Direct Imaging of Irregular Satellite Disks in Scattered Light

TL;DR

This paper explores the potential to detect irregular satellite disks around distant exoplanets via reflected light, suggesting they could enhance planet detectability and provide insights into planetary system formation.

Contribution

It models the collisional evolution and brightness of irregular satellite disks, proposing their detectability with future high-contrast imaging instruments.

Findings

ISD brightness peaks at 10-100 AU range

Future instruments could detect these disks around exoplanets

ISDs can help characterize long-period exoplanets

Abstract

Direct imaging surveys have found that long-period super-Jupiters are rare. By contrast, recent modeling of the widespread gaps in protoplanetary disks revealed by ALMA suggests an abundant population of smaller Neptune to Jupiter-mass planets at large separations.
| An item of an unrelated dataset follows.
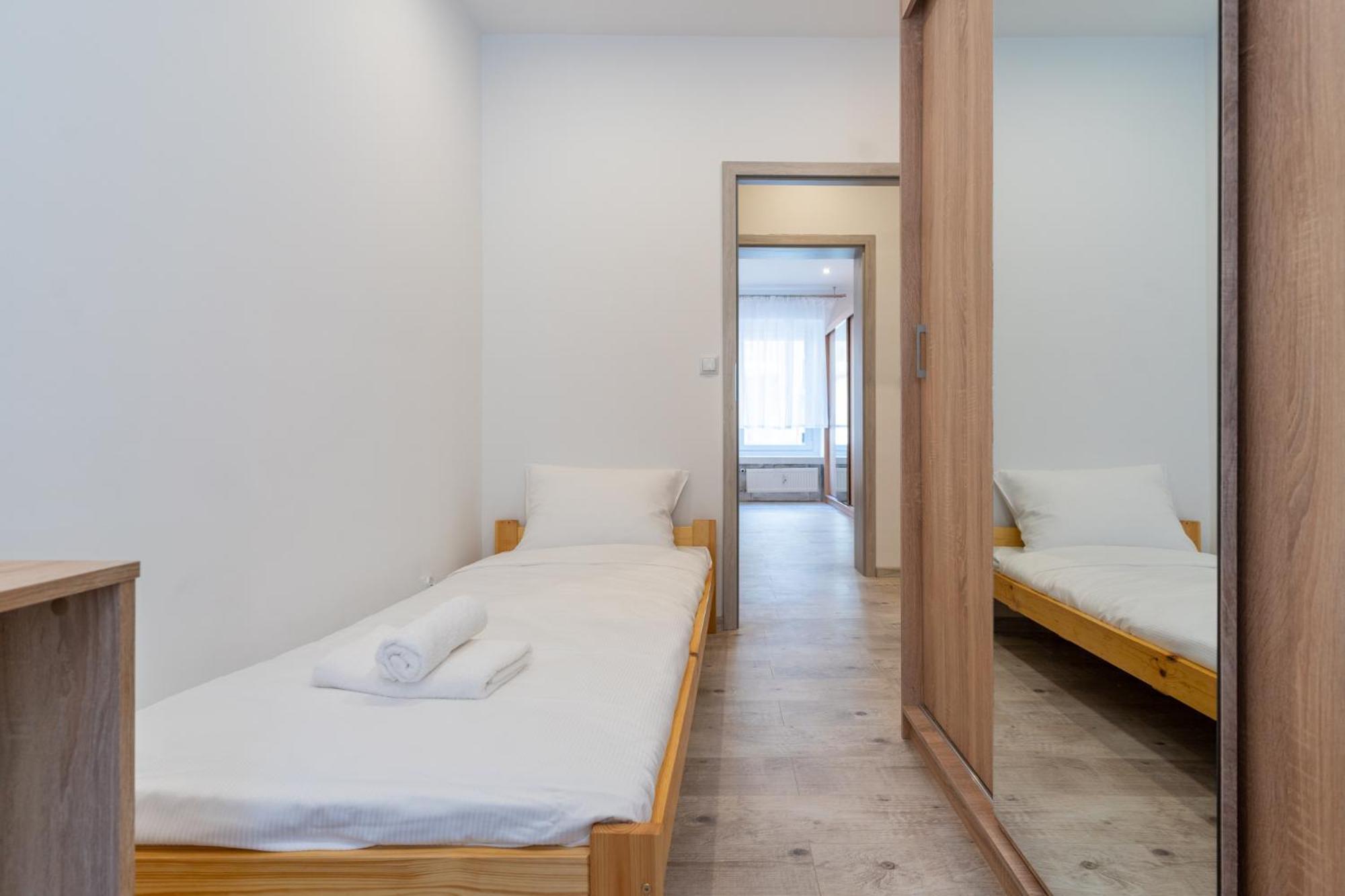 Zawodzie 3-bedroom Apartment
The thermal emission from such lower-mass planets is negligible at optical and near-infrared wavelengths, leaving only their weak signals in reflected light. Planets do not scatter enough light at these large orbital distances, but there is a natural way to enhance their reflecting area. Each of the four giant planets in our solar system hosts swarms of dozens of irregular satellites, gravitationally captured planetesimals that fill their host planets' spheres of gravitational influence. What we see of them today are the leftovers of an intense collisional evolution. At early times, they would have generated bright circumplanetary debris disks. We investigate the properties and detectability of such irregular satellite disks (ISDs) following models for their collisional evolution from Kennedy and Wyatt 2011. We find that ISD brightnesses peak in the $10-100$ AU range probed by ALMA, and can render planets detectable over a wide range of parameters with upcoming high-contrast instrumentation. We argue that future instruments with wide fields of view could simultaneously characterize the atmospheres of known close-in planets, and reveal the population of long-period $\sim$ Neptune-Jupiter mass exoplanets inaccessible to other detection methods. This provides a complementary and compelling science case that would elucidate the early lives of planetary systems.